Concernant l’aspect physique de Vercingétorix, tableaux et sculptures le représentent portant les cheveux longs et une moustache plus ou moins abondante dite “à la gauloise”. On sait que la statue de Millet a le visage de Napoléon III, hommage (volontaire ou imposé ?) de l’artiste au commanditaire de l’oeuvre (Napoléon III a payé la statue sur sa cassette personnelle). Celle de Bartholdi a un profil plus farouche. La monnaie de Vercingétorix nous montre un visage plutôt juvénile, joufflu, aux traits stylisés, sans moustache et sans barbe, à la chevelure bouclée plus ou moins longue selon les différents exemplaires. Il est difficile de croire qu’il s’agit là d’un portrait fidèle et exact du personnage. Il s’agit sans doute plutôt, comme pour la plupart des visages figurant sur les monnaies gauloises, d’un portrait héroïsé et symbolique reprenant les stéréotypes stylistiques de l’époque mais dont le sens nous échappe. Le récit de César ne comporte aucune description de Vercingétorix.

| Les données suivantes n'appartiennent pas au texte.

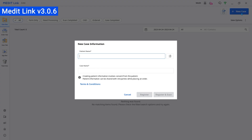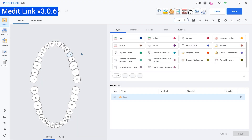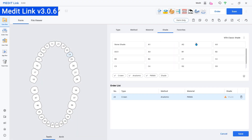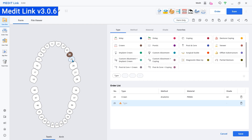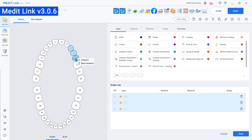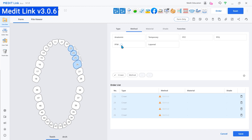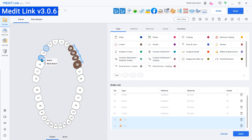This update also includes several improvements. Firstly, we've improved the user experience for filling out the form. Now, tooltips and guide messages will provide users with clear guidance on available actions.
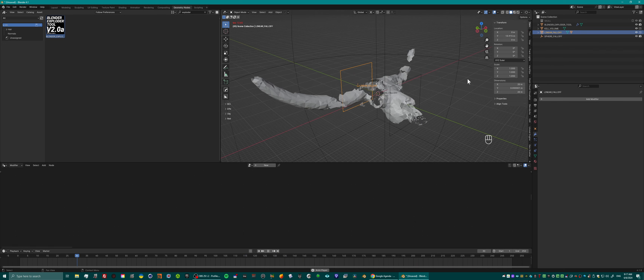Available on Blender Market right now. It's in alpha, so please don't use it in serious projects or client projects yet, because some things might not work, or there might be bugs, things might change. So keep that in mind. But you can definitely start using Blender Exploder tool 2.0 alpha right now.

Il y a tout lieu de penser qu’il n’aurait pas manqué de souligner des différences notables par rapport à l’aspect physique des Romains si ça avait été le cas. Le fait qu’il n’en parle pas laisse plutôt supposer que Vercingétorix, comme la plupart des aristocrates gaulois de son époque, depuis longtemps en contact avec le mode de vie des Romains ne se distinguait en rien de ceux-ci. Si les Gaulois ont pu effectivement porter moustaches et cheveux longs à des périodes plus anciennes, ce n’était plus le cas au moment de la guerre des Gaules.
Quel armement ?
La lance équipait les fantassins et les cavaliers. Les fers de lance sont de taille et de forme variable. Certaines pointes ajourées et de grande taille semblent avoir eu plutôt une fonction d’enseigne que d’arme. La lance n’est pas une arme de jet, on la garde à la main pour affronter l’ennemi. C’est une arme d’estoc destinée à trouer la peau de l’adversaire et utilisée dans le combat rapproché par les fantassins.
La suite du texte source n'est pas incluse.